To draw a Ford Fairlane can be…well, hard. Cars are not my jam – but that means it’s just the subject that I ought to be cycling into my subject matter from time to time! And since I’ve been thinking about my Uncle George a bunch lately, I thought I’d draw him a subject he LOVES – cars!
If you want to hear more stories about my uncle, read the post today in Artventure; I don’t want to post personal stories like that out here on the web, but behind the wall at Artventure, Google won’t search it out.
I’ve been celebrating my birthday week with sketching! In this video I’ll be combining pen and ink with gouache but you can do the same idea with watercolor – perhaps even more easily since watercolor is typically very transparent. (Gouache is opaque watercolor and can affect black lines.) I’m putting my TWSBI Eco to work!
Tutorial: 1956 Ford Fairlane | Wash & Ink (Urban Sketching)
If you’d also like to sketch this picture, you can download it for free from Paint My Photo, (You just need a free account there to download and use the photo.)
Watch the video below and scroll to the end to leave comments or questions — or click HERE to watch it on YouTube and leave comments over there. I read both dutifully!
Properties of leftover gouache or watercolor
One of the nice things about both gouache and watercolor is that they’re re-wettable! That palette full of leftover colors is usable. Typically they do get more desaturated as all the colors mix; red blue and yellow make neutrals, and on average you’ll have all those on a palette at one time or another.
Note that I wash my watercolor palette before videos – not because you need to always start fresh, but because I want you to see colors mixing, and all that muck makes a mess. But be aware your colors can get muddy if you don’t at least occasionally clean off your mixing surfaces.
Edit out unnecessary details
Determine what you want to include most – what made you choose that subject, that angle, that time of day? Emphasize THAT and let other things go. Create a “mass” of trees instead of leaving too much high-contrast detail in a background like this – once the final gouache wash was added, the trees became much less attention-getters.

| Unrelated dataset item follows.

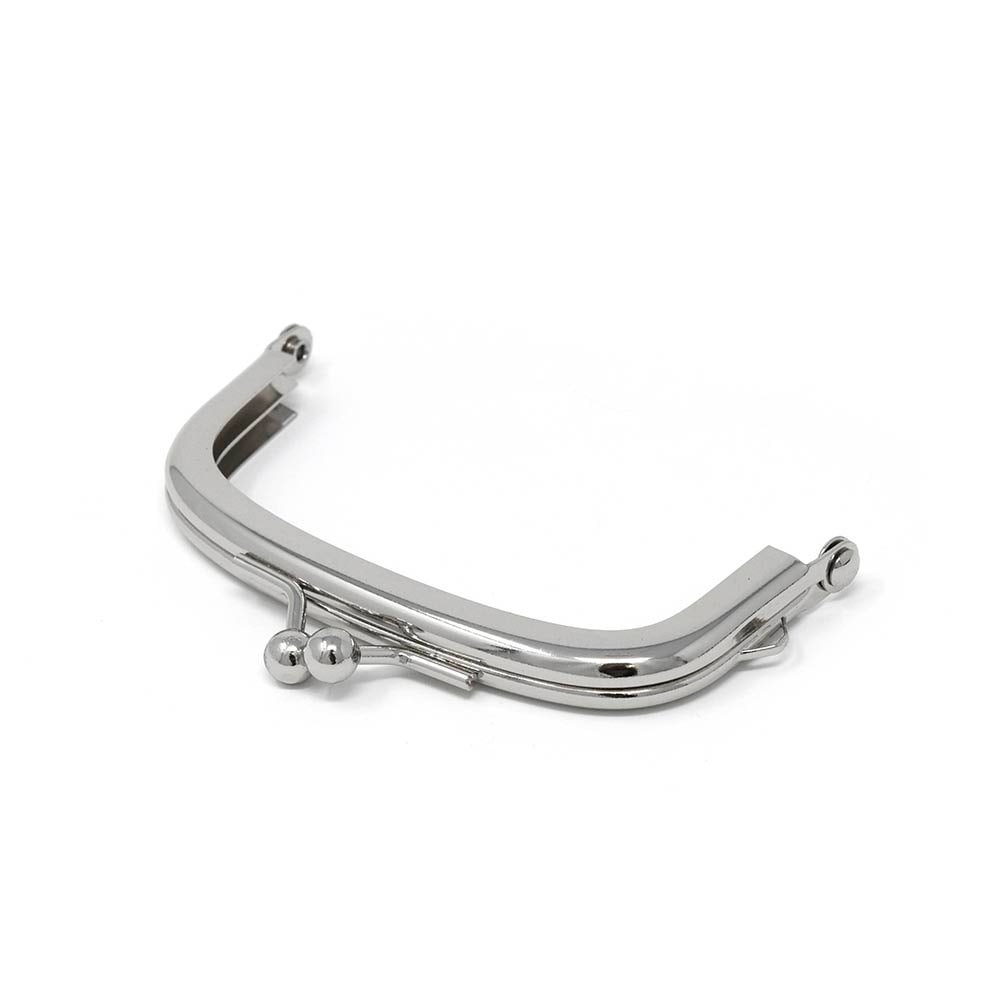 F5 / 7.5cm くし型 がまぐち口金 / N［120本～ / 20%OFF］:がまぐち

Nervous about drawing in public?
Don’t be. The average person walking by will be truly impressed with you! I’ve made terrible drawings that shouldn’t see the light of day and had people ooh and ahh. Seriously – they WANT to compliment you! (I mean really, who walks around the world wanting to peek over an artist’s shoulder just so they can say, “Dang, that’s garbage!” NO ONE.)
Join a group!
Check to see if your town has an Urban Sketchers group. Any kind of drawing group! You’ll find there are people of all levels of experience – people you can learn from *and people who need you to help them.* Yes there will be people newer than you and they could use your encouragement and your presence!